Deep bond unites artwork in times of climate change

Alex Asch, detail of Drought’s end

Visual Arts / Compression: assemblages Alex Asch and Mariana del Castillo. At Beaver Galleries until September 21. Reviewed by KERRY-ANNE COUSINS.

 Alex Asch and Mariana del Castillo are both well-known established artists in Canberra.

Partners in life and sometime colleagues, they have each forged their own professional path and have held many individual exhibitions.

However, in this exhibition they have brought together shared experiences, along with the thoughts and reactions that they each have about the Australian environment in this time of climate change. Each artist has contributed several works that are indicative of their own art practice. But there is a deep bond and dialogue between all these works that unite them and makes this exhibition so memorable.

In 2021 both artists were invited by the University of Canberra to mentor and deliver creative art workshops as part of the Regenerative program for disaster affected parts of rural communities.  The artists saw the effect of fire and flood on the environment resulting in a slow cycle of compression, extraction and erosion of the land. The works in this exhibition also demonstrate a deep understanding of the environment that comes from the travels of the artists throughout the wider Canberra region and beyond.

Alex Asch works with found materials such as galvanised steel, form-ply, painted metals and old rescued road signs embedded with the marks and signs of their previous life. Asch with great skill assembles these materials so that they evoke and suggest the textures and colours of our landscapes. While these works are symbolic almost abstract compositions we read them as comprehensible images.

A group of three small works all called First Water at Weereewa (Lake George) subtly suggest the vast expanse of water that now fills this mysterious natural lake near Canberra. In Weereewa 3, the suggestion of a rain shower perfectly captures its changing moods. In other works such as The Longest Day, black and grey hills are silhouetted against an intense yellow sky reflected in the foreground – a reference perhaps to a landscape changed by fire.  In another work, Drought’s End, land and sky become united in welcome clouds of rain showers.

Asch’s creative ability enables him to see in old discarded materials a potential existence that goes beyond their present reality. His poetic and visionary landscapes testify to this creative vision.

Mariana del Castillo – Arrival (Winton series)

Mariana del Castillo also reuses and experiments with a wide variety of materials to create her small sculptures and large monoprints. Beautifully executed, her works have the ability to communicate a sense of intimacy perhaps because you feel that the artist is deeply involved in the physical process of creating each work. In large abstract works Edge of Awareness and An Accomplice in Something Other, the artist stitches and paints marks onto her original soft muted toned monoprints bringing them into focus with marks and textures.

The recurring symbol of a twisted knot in these works reflects the artist’s anxiety about our seeming inability to sustain our natural world.

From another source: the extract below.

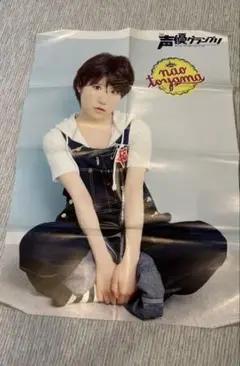月刊声優グランプリ nao toyama ポスター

Yet through her visit to the Victorian Winton wetlands in Yorta Yorta country, she was given hope by the regeneration in the wetlands once devastated by drought. Inspired by this experience the artist has created a series of Facescapes – monoprints of faces on linen frames overstitched and attached to small carved and repurposed wooden heads.

In the work, Arrival, (Winton series), the deluge of small stitches from the eyes on the face of the sculpture as well as adding facial expression suggests the arrival of rain. These Facescapes, so expressive and arresting to view, are perhaps derived from a memory of the twisted dead red gums left in the once dry water hole. In the artist’s eyes they looked like twisted and bleached figures in the landscape. The clever stitching of the faces punctuated by symbolic eyes give these small enigmatic sculptures a presence and authority that belies their small statue.